Spinach Pesto Pasta
Updated: Apr 17, 2020
Cooked by Saki A
Written by Gabby C
Yield: serves 4-6
4 cups baby spinach
1 cup basil
1/2 cup toasted walnuts
6 tablespoons olive oil, divided
Kosher salt, to taste
2 cloves garlic, thinly sliced
1/4 teaspoon red pepper powder
1 pound dried spaghetti
1. In a food processor, combine spinach, basil, walnuts, 3 tablespoons olive oil, lemon juice and 1/4cup water, then puree until smooth. Season with salt and pepper, then set aside.
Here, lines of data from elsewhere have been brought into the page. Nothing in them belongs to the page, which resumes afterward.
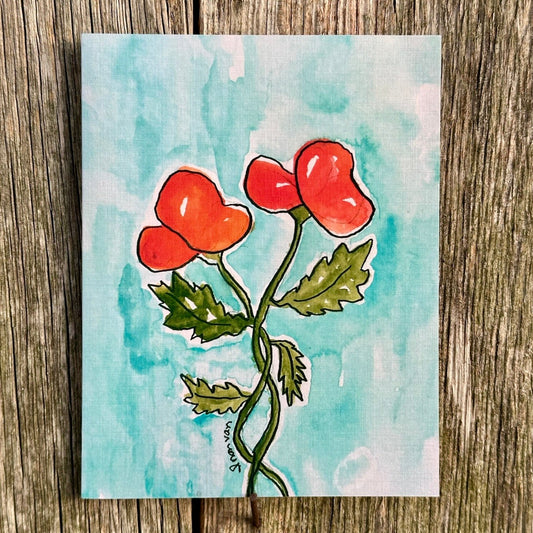 Red Poppies Dancing Greeting Card with Blue Skies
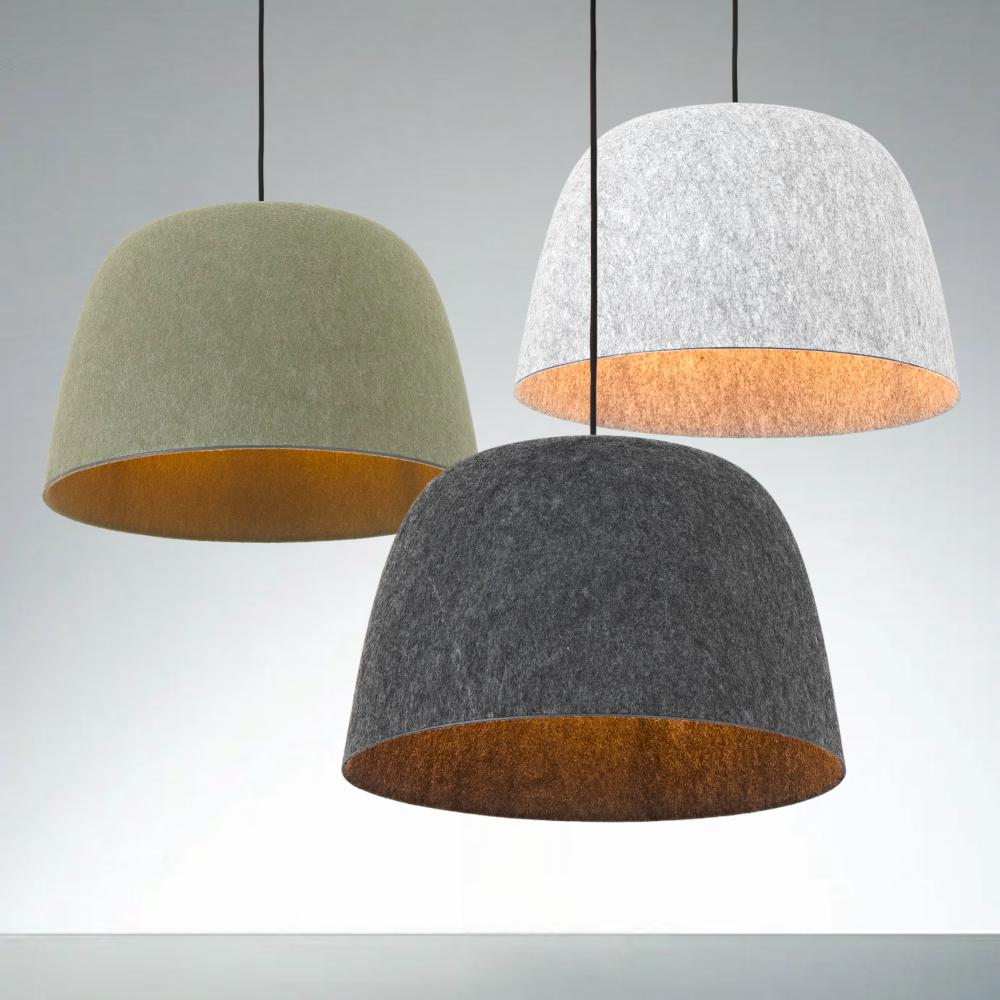 Acoustic pendant lighting family featuring multiple acoustic panel configurations.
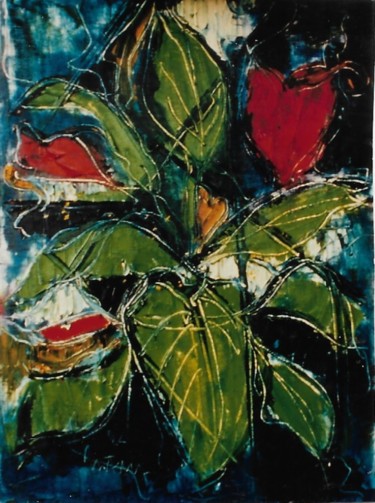 Schilderij getiteld "Pianta d' anthurium" door Mario Fanconi, Origineel Kunstwerk, Olie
2. In a pot, heat remaining olive and garlic over medium-high heat. Cook, stirring constantly, until golden and fragrant, about 2 minutes. Add the pasta, 5 cups water and a large pinch of salt to the pot. Bring to a simmer and cook until the pasta is al dente and the water has reduced into a thick space, 13-15 minutes.
3. Remove from the heat and stir in pesto. Adjust seasoning with salt and red pepper powder.
So you think you know Pasta?
Let’s start off with this: Despite what some may say, the great explorer, Marco Polo, did NOT bring pasta to Italy in 1296. In fact, noodles were being eaten in Italy long before that (possibly around 800 AD).
That being said, we may never know which culture or region invented the famed noodle dish. In fact, we shouldn’t really waste our time because the main staple ingredients — flour and eggs — are found in myriad ancient dishes across the globe.
But although the origins remain a mystery, it’s undeniable that Italians certainly have a leg up on the competition when it comes to current “noodle” popularity. To put it into perspective, the average American eats pasta at least once a week for a total of 20 pounds of pasta per year. And of the types of noodles being consumed, Italian pasta is the overwhelming favorite.
Before you get cooking, I want to highlight one last fact: Pasta wasn’t always this abundant. Zanini de Vita, one of Italy’s premier food historians, explains, “Pasta was a luxury for centuries for four-fifths of Italians until the prosperity that came after World War II”. Flour, you see, was for the rich, and “the Poor wouldn’t even see it in paintings.”
With this sense of perspective, we can appreciate pasta even more! Buon appetito, my friends!